Parents, teachers, students prepare for GSAT results
Jermaine Francis, Staff Reporter
As some 39,438 students yesterday prepared to line up this morning to hear which secondary schools they will be attending come September, parents and educators attempted to soothe the nerves of their children ahead of the 2014 Grade Six Achievement Test (GSAT) results.
Although Education Minister Ronald Thwaites has said some 73 per cent of those who sat the exam have been placed in schools of their choice, principal of Naggo Head Primary School in St Catherine, Floretta Plummer, said it was still important for them to talk to the 400 students about accepting the results.
"I spoke to them this morning, and a part of what I said to them was to bloom where they are planted. That is to say that they may not get into one of their schools of choice, but wherever they go, ensure that when they go there, they do well," Plummer told The Gleaner yesterday.
She said she made a decided effort to speak to the children about changing their negative attitude about attending new schools, such as Cedar Grove Academy in Portmore.
Students in high spirits
At the McIntosh Memorial Primary School in Manchester, the grade-six students were said to be in high spirits and unperturbed by their pending results.
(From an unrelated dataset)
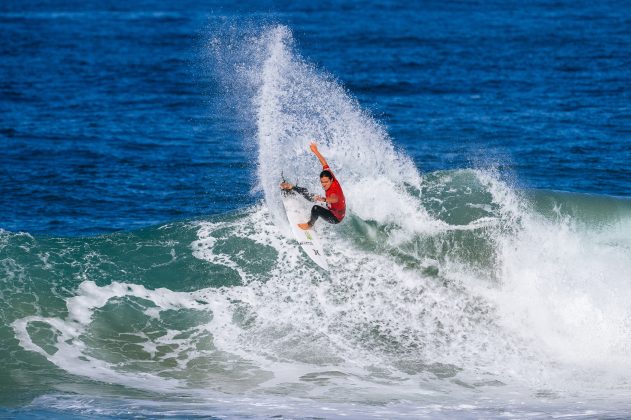 Taro Watanabe, Ballito Pro 2025, Willard Beach, KwaZulu-Natal, África do Sul. Foto: WSL / Kody McGregor.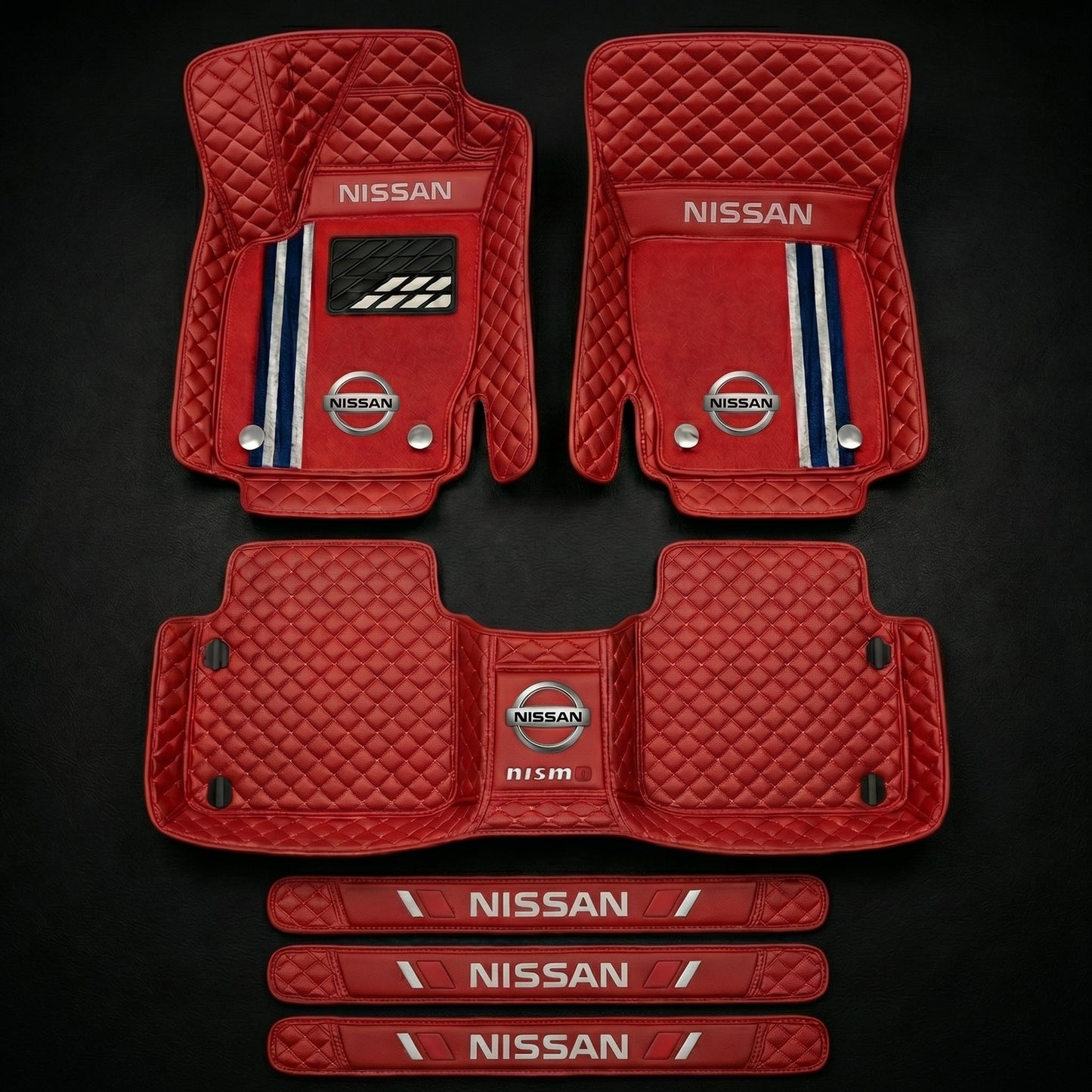 Set di tappetini auto premium, finitura in pelle – pulizia ed eleganza ogni giorno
Sharon Anderson, principal at the institution, said the close to 180 grade-six students were fully immersed in their career-day exposition, which is part of the holistic programme developed by the school to prepare the students for high school.
"The programme is very detailed and involves everything from writing with pens, students and the law, preparing them for having many classes with different teachers and even have banks coming to help parents set up savings accounts for the students' education," Anderson said.
She said the students have been effectively advised on how best to handle the results and as a result, they were heading into today confident and open-minded.
One parent of a Kensington Primary School GSAT student, Lorna Barrett, said she was upbeat and had high expectations for today's results.
Barrett said she has had several conversations with her daughter about accepting the results grounded in the philosophy that "you can't sew corn and expect peas".
She said parents should take the results as an opportunity to teach their children that they normally get what they work for.
"I told my child that the results cannot reflect anything but the work you put in. So if you work hard, the results will show and though I expect her to get into one of her choices, it really does not matter because I will be there to support her regardless," Barrett added.